La prise en compte des problématiques d'insertion sociale et professionnelle et la formalisation des clauses sociales d'insertion dans le code des marchés publics sont directement liées aux évolutions européennes.

 

1. La directive 2004/18/CE du Parlement européen du 31 mars 2004

 

Le code des marchés publics a évolué en France parallèlement à la législation européenne. En 2004, cette dernière précise la possibilité pour l'acheteur public d'intégrer des considérations sociales et environnementales au sein de ses marchés (directive du Parlement européen 2004/18/CE du 31 mars 2004 relative à la coordination des procédures de passation des marchés publics de travaux, de fournitures et de services). 

 

En 2011, l’Union Européenne publie le guide Acheter social : un guide sur les appels d’offres publics avec clauses de responsabilité sociale pour expliciter la directive. Dès l’introduction, il est mentionné que les autorités publiques « peuvent favoriser les possibilités d’emploi, le travail décent, l’inclusion sociale, l’accessibilité, le commerce équitable en achetant judicieusement ». Ce guide a ensuite été mis à jour en 2021. 

 

2. La directive 2014/24/UE du Parlement européen et du Conseil du 26 février 2014

 

En matière d’achats socialement responsables, l’Union Européenne donne également le ton. C'est d'abord la nouvelle ordonnance du 23 juillet 2015 et son décret d’application du 25 mars 2016 qui entrent en vigueur le 1er avril 2016 sur le fondement de la directive 2014/24/UE du Parlement européen et du Conseil du 26 février 2014. Ils doivent être transposés par tous les États membres dans leur législation nationale. 

 

Depuis le 1er avril 2019, le code de la commande publique, regroupant les textes législatifs relatifs à ce sujet, transpose la législation européenne et réglemente ainsi les marchés publics en France. 

 

>> Pour en savoir plus, consultez la section relative aux clauses sociales d’insertion dans l’article « Achats socialement responsables : de quoi parle-t-on ? »

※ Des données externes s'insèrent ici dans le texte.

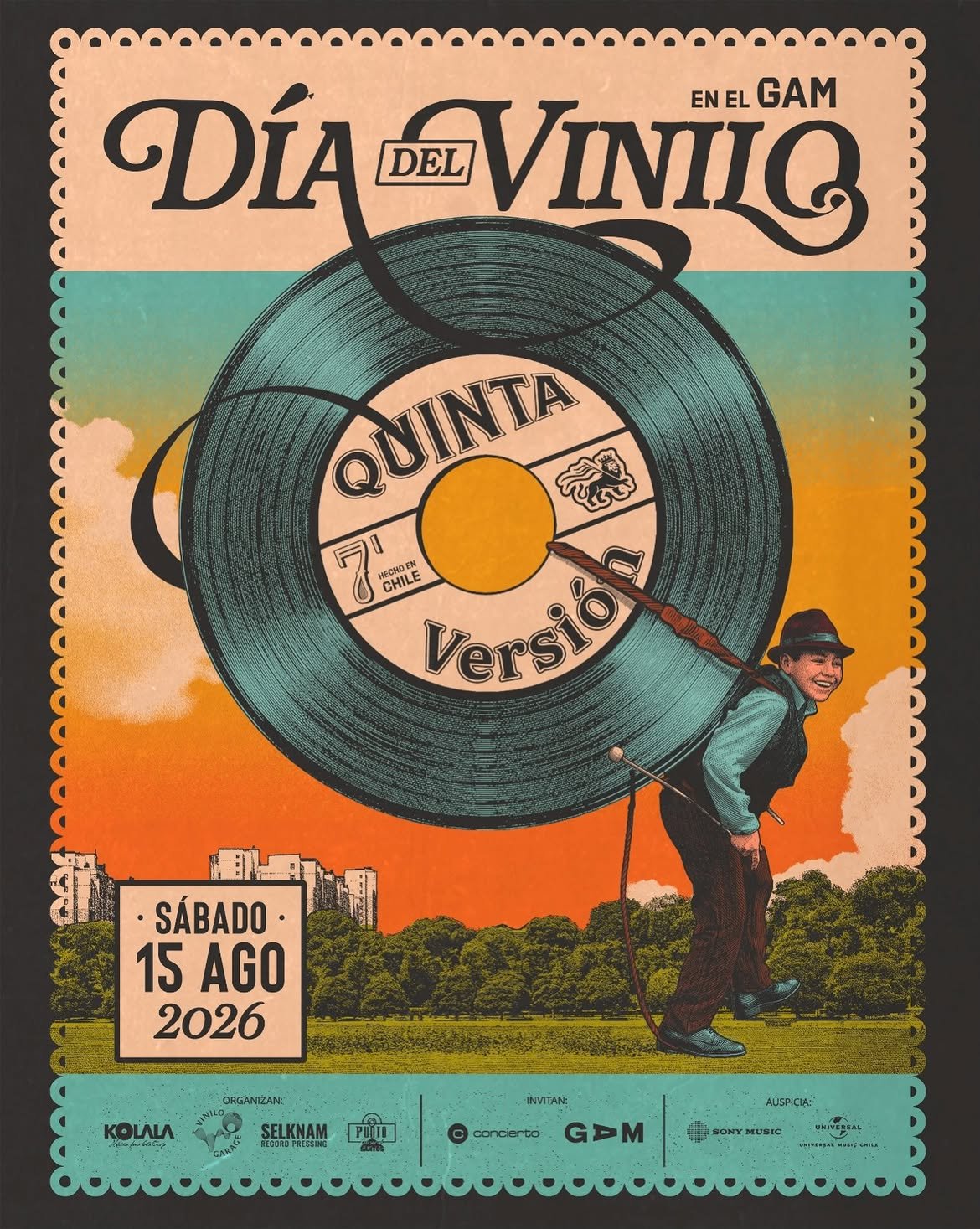 Día del vinilo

Les achats publics socialement responsables apparaissent avec la promulgation de la loi relative à l’ESS du 31 juillet 2014.

 

1. Les schémas de promotion des achats publics socialement responsables (SPASER) 

 

L’article 13 de la loi relative à l’ESS de 2014 prévoit la mise en place de schémas de promotion des achats publics socialement responsables selon des modalités d'application précisées par son décret d’application publié en janvier 2016. 

 

Désormais, les acteurs publics dont le montant annuel des marchés est supérieur à 100 millions d’euros hors taxe doivent obligatoirement adopter et publier ce schéma. Ce dernier intègre également des dimensions environnementales suite à la promulgation de la loi du 17 août 2015 relative à la transition énergétique.

 

2. 160 collectivités concernées

 

L’obligation concerne ainsi plus de 160 collectivités : la plupart des régions, une soixantaine de départements, des établissements publics de coopération intercommunale (EPCI) et les communes dont la population est supérieure à 250 000 habitants. Des établissements publics industriels et commerciaux (EPIC) comme la SNCF et les entreprises publiques comme la Poste sont également concernés. 

 

La ville de Paris, la RATP, le conseil régional d’Île-de-France ou encore celui de la Bretagne ont publié leur schéma de promotion des achats publics socialement responsables. Ces documents expriment notamment leurs ambitions en matière d’achats auprès des structures de l’insertion par l’activité économique (SIAE) et des structures du secteur adapté et protégé. 

 

>> Découvrez comment le conseil régional de Bretagne a construit son schéma de promotion des achats responsables 

 

>> Découvrez comment la ville de Paris travaille avec la structure d’insertion 10mentionweb, sélectionnée dans le cadre d’un marché public pour la refonte des sites internet des conseils de quartier du 10ème arrondissement 

 

>> Découvrez le SPASER de Paris 

 

>> Découvrez comment le CROUS Aix-Marseille-Avignon travaille avec la boulangerie solidaire Pain et Partage

 

3. L'État poursuit l'effort

 

Face aux résultats mitigés de la mise en place des SPASER - seules 7% des collectivités concernées par l'obligation d'élaboration d'un SPASER en ont réalisé un - l'État tente de les promouvoir plus largement en abaissant le seuil de dépenses rendant leur mise en place obligatoire. La nécessité d'une administration exemplaire en matière de promotion des achats responsables est aussi réaffirmée. 

 

La publication et l'entrée en vigueur du code de la commande publique le 1er avril 2019 permet alors le regroupement de l'ensemble des textes relatifs à la commande publique dans une démarche de simplification. Cela traduit la volonté de l'État d'encadrer et de promouvoir les achats responsables par le biais de l'outil législatif.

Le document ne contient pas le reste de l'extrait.